• **WHAT TO PRODUCE**
Write each line below back out exactly, omitting its pictures.

◆ ◆ ◆

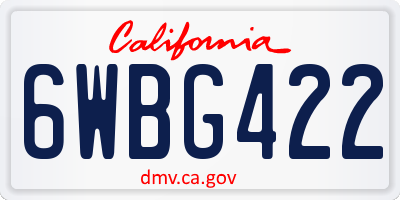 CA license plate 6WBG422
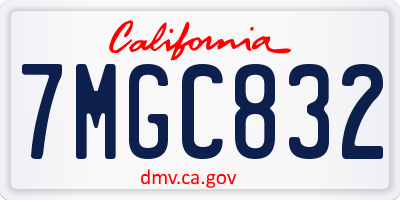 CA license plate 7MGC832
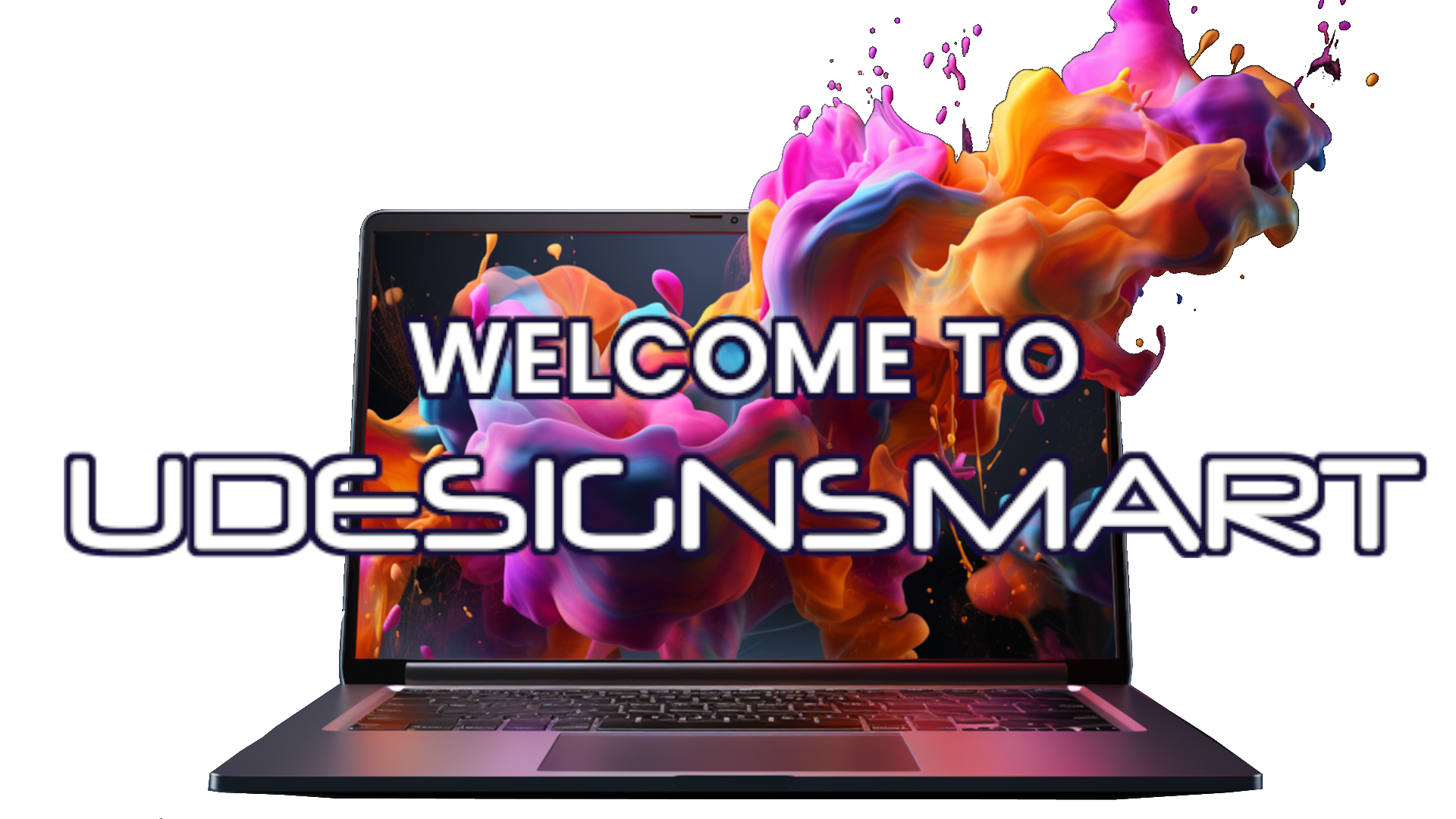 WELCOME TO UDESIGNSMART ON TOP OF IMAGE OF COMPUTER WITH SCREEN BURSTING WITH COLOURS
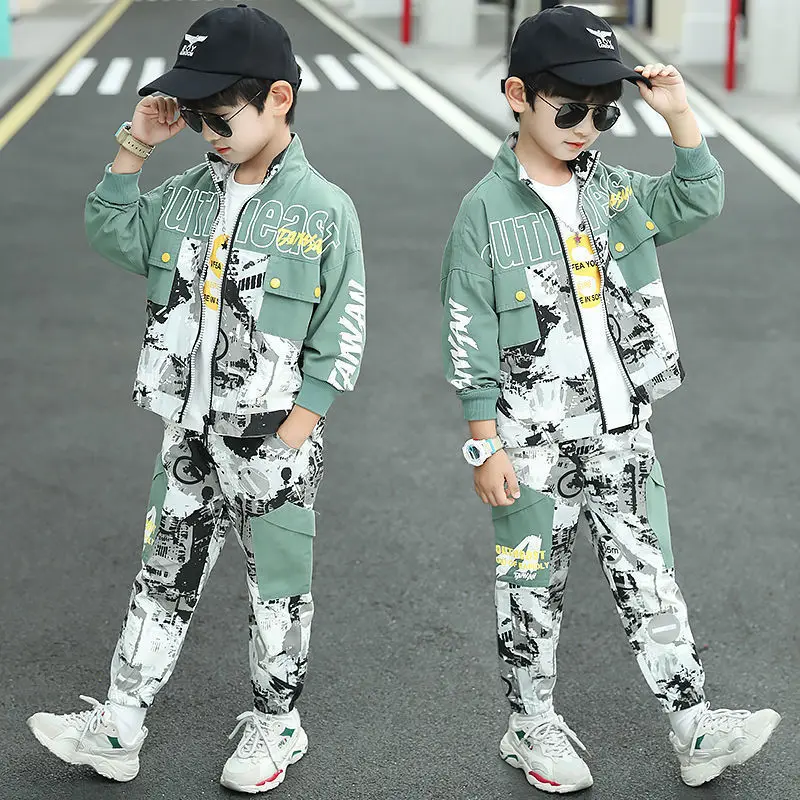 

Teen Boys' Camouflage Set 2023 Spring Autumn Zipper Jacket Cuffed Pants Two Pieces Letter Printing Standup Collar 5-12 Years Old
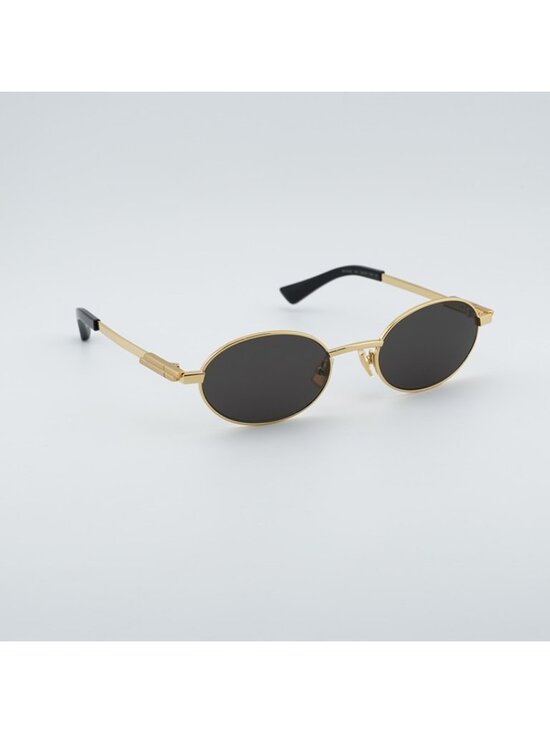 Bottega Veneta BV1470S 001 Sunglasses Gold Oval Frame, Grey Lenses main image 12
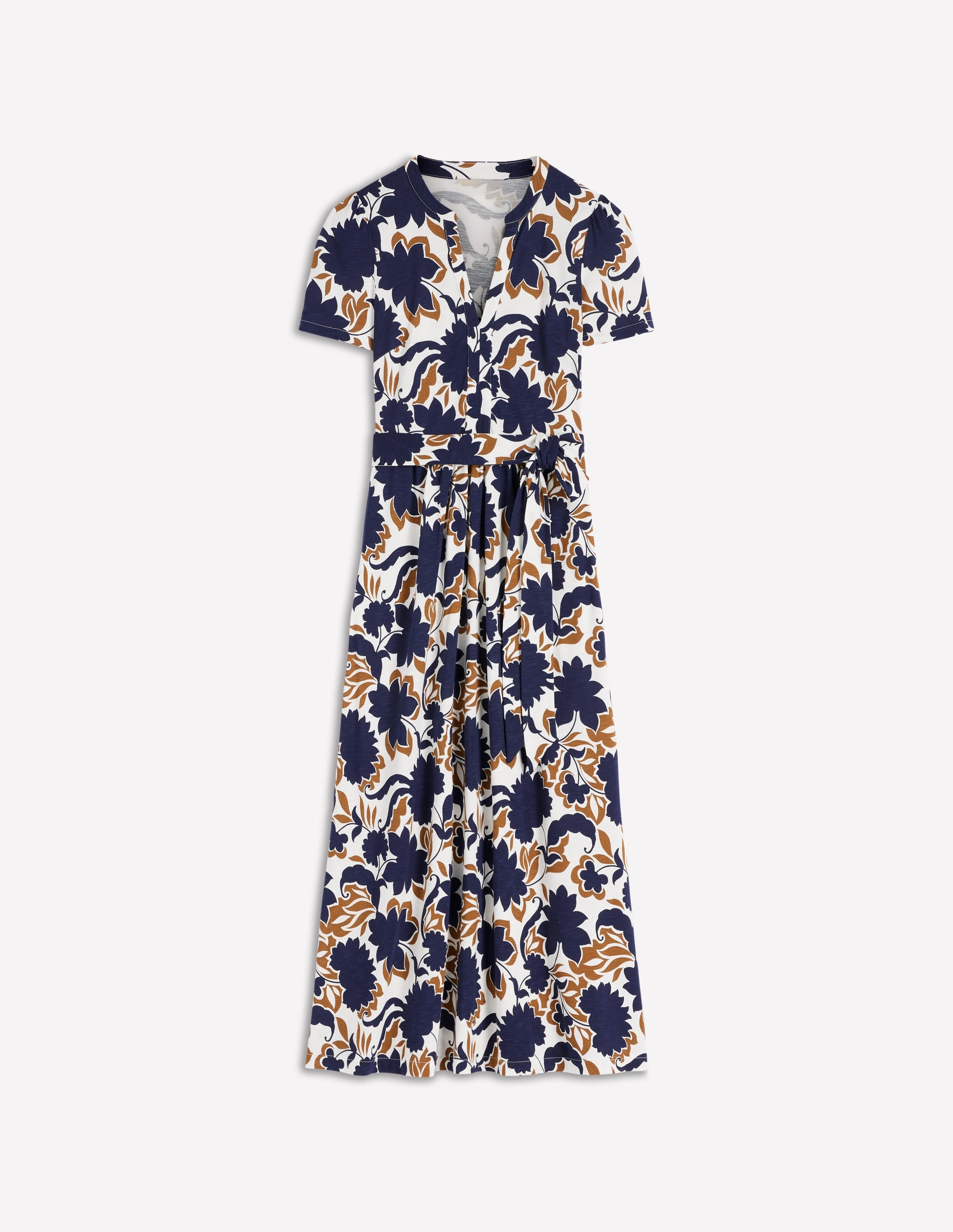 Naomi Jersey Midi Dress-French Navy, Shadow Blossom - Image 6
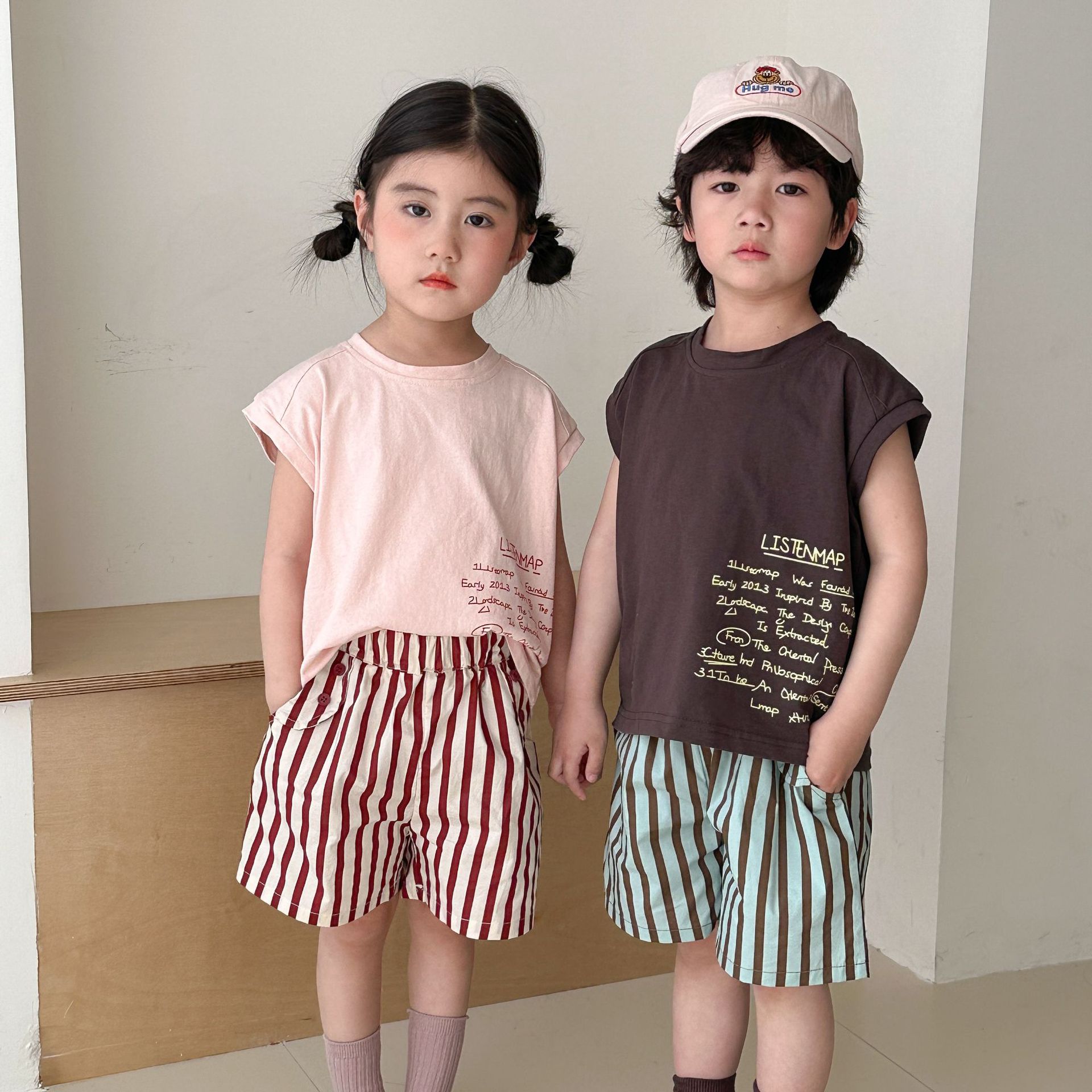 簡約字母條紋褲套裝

◆ ◆ ◆

• **REPLY**
 CA license plate 6WBG422
 CA license plate 7MGC832
 WELCOME TO UDESIGNSMART ON TOP OF IMAGE OF COMPUTER WITH SCREEN BURSTING WITH COLOURS

Teen Boys' Camouflage Set 2023 Spring Autumn Zipper Jacket Cuffed Pants Two Pieces Letter Printing Standup Collar 5-12 Years Old
 Bottega Veneta BV1470S 001 Sunglasses Gold Oval Frame, Grey Lenses main image 12
 Naomi Jersey Midi Dress-French Navy, Shadow Blossom - Image 6
 簡約字母條紋褲套裝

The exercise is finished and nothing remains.